(Captioned web images)
= Beginning of Section =

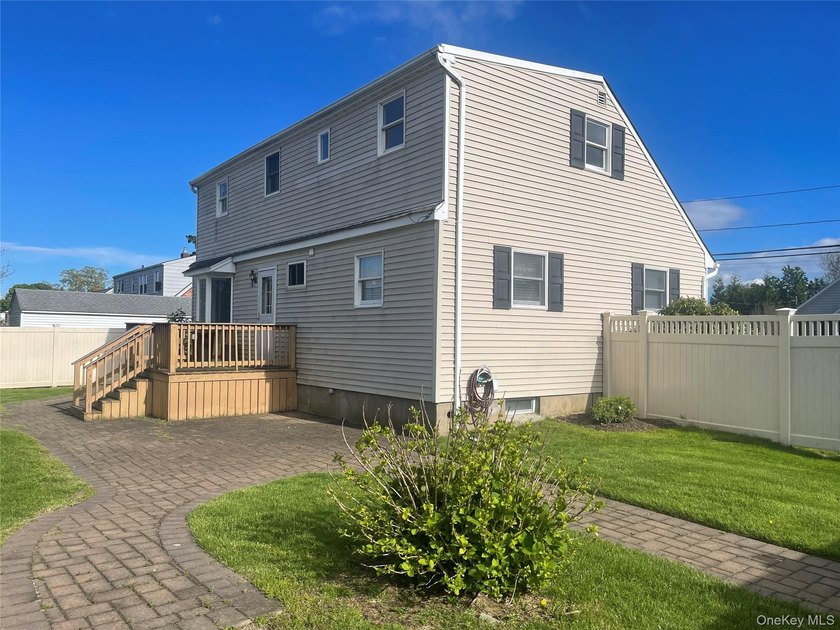 Meticulously maintained with pride of ownership, this sun - photo 34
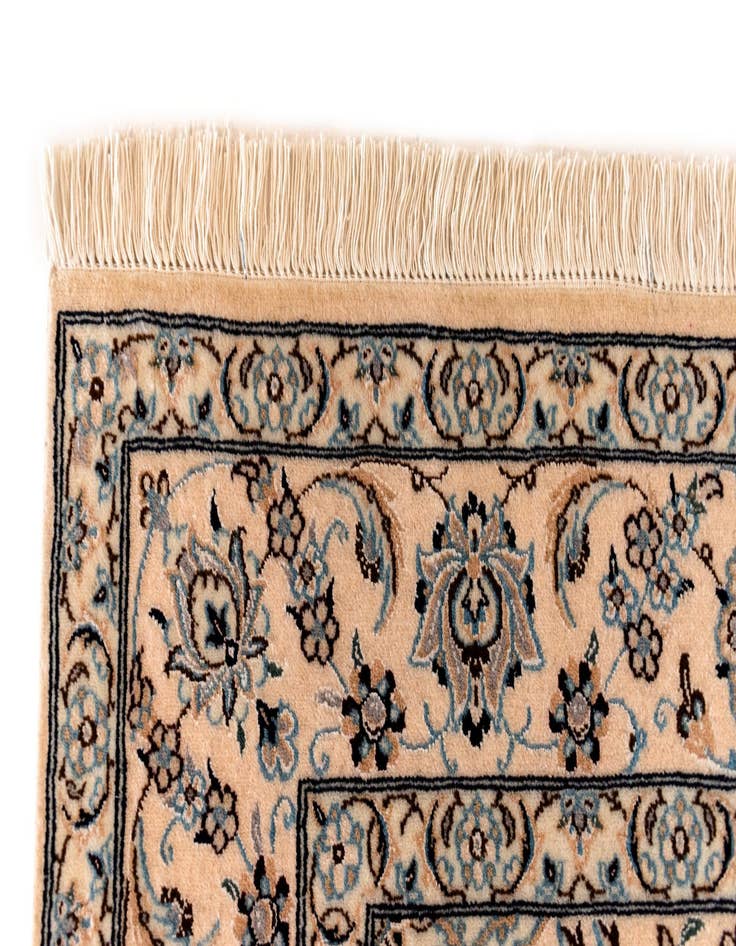 Detail image of 4' 3 x 6' 9 Nain Rug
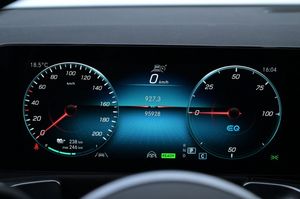 Mercedes EQB300 bild 9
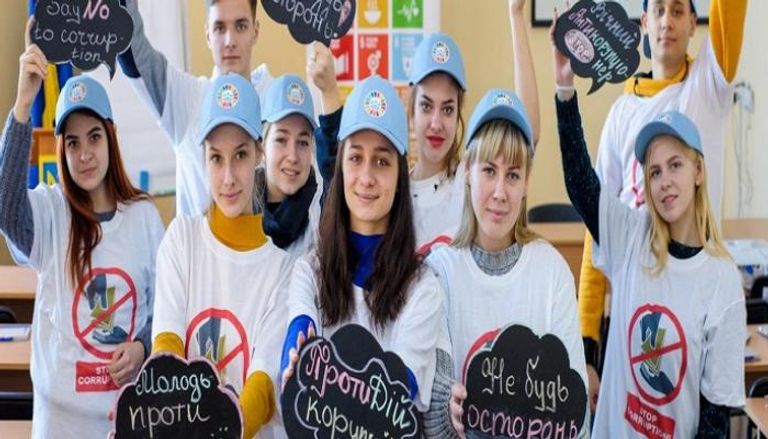 شباب وشابات أوكرانيون في أثناء حملة لمكافحة الفساد- موقع الأمم المتحدة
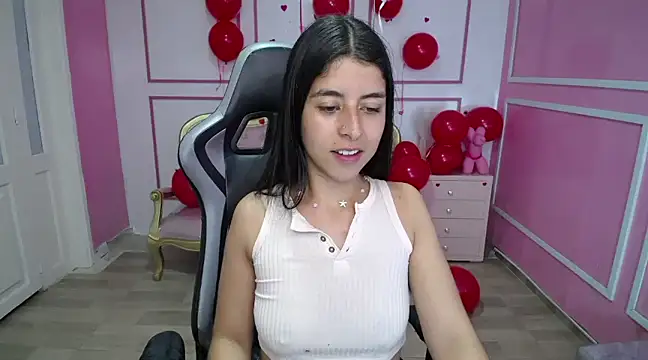 Snapshot of Bela_t_ chatting on 02-20-25, 07:41 Bela t online show from 02-20-25, 07:41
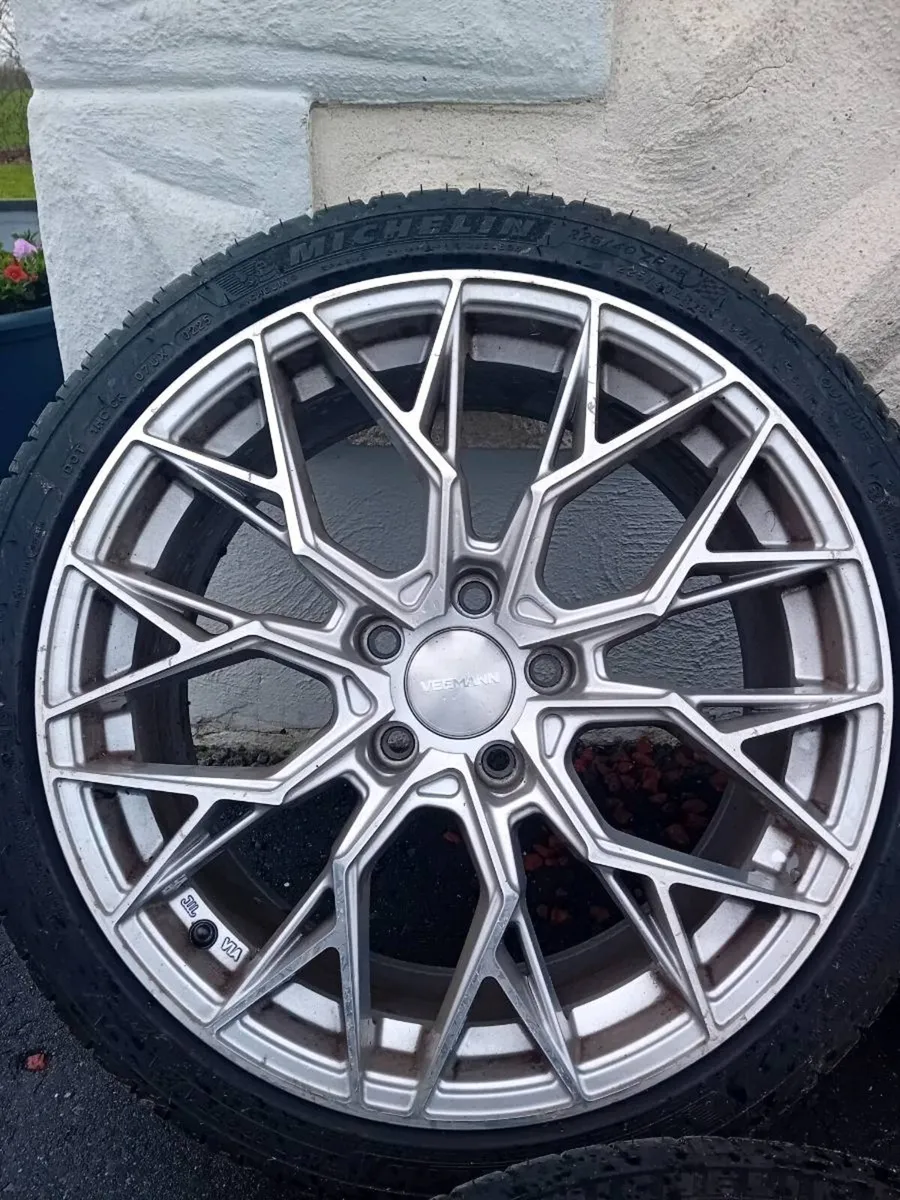 Alloy wheels - Image 1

= End of Section =

§ Your assignment
All the records need to be retyped word for word, except for the pictures.

§ Completed exercise
 Meticulously maintained with pride of ownership, this sun - photo 34
 Detail image of 4' 3 x 6' 9 Nain Rug
 Mercedes EQB300 bild 9
 شباب وشابات أوكرانيون في أثناء حملة لمكافحة الفساد- موقع الأمم المتحدة
 Snapshot of Bela_t_ chatting on 02-20-25, 07:41 Bela t online show from 02-20-25, 07:41
 Alloy wheels - Image 1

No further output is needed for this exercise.